Aliás, esse mundo de 2017 é um problemão no filme. Primeiro que os roteiristas insistem em utilizar as tecnologias atuais para, de certa forma, colocar a nomofobia como porta de entrada para a revolução das máquinas, o que é outro discurso que soa vazio e… estúpido. O Projeto Gênesis é uma tolice desnecessária. Não passa de uma crítica rasa ao nosso comportamento com smartphones. Chega a ser utilizado como count down durante o clímax e ainda assim, visto a maneira que é utilizado, ele mesmo se anula.
Além disso, não há nenhum impacto em como os personagens que viajam no tempo para o futuro (especialmente Sarah) se relacionam com o mundo bem diferente da década de oitenta. E deveria: há um momento em que Sarah precisa utilizar uma tecnologia de biometria para liberar um controle de acesso e não há ali a menor hesitação da personagem diante de algo que supostamente nunca vira. Quer saber? Pensando nessa utilização da internet para domínio global, Ultron é muito mais interessante que a Skynet.
Das interpretações, vale muito rever Arnold (com trabalho de maquiagem bem divertido) no papel de T-800. O ator veterano reinventa o personagem, funciona como principal alívio cômico e estabelece ótima dinâmica com Emilia Clarke e Jai Courtney – que sozinhos conseguiriam pouca expressão, tal como o John Connor nada carismático de Jason Clarke. Funcionam mais ou menos, mas funcionam. O que não funciona nada é o personagem de J.K. Simmons, totalmente desperdiçado nesse filme.

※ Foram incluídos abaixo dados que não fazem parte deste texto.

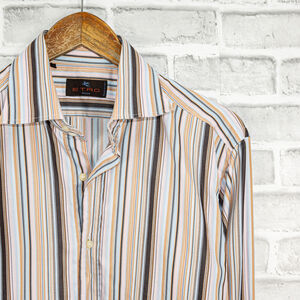 ETRO Milano Multi-color Stripe dress Shirt Made in Italy Men's 41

O filme tem efeitos visuais e especiais que garantem a diversão do começo ao fim, além de uma trilha sonora que faz jus aos primeiros filmes, trazendo os acordes graves e retumbantes que marcam a presença do T-800 todas as vezes que ele entra em ação.
Fica sim uma boa promessa para novos filmes. Se pensarmos que Emilia Clarke agora vive uma personagem que tem desde a infância uma vida cheia de intervenções do futuro, podemos esperar tramas complexas e, tomara, inteligentes. É só partir pra ficção científica e parar de querer explicar tudo o que acontece na tela.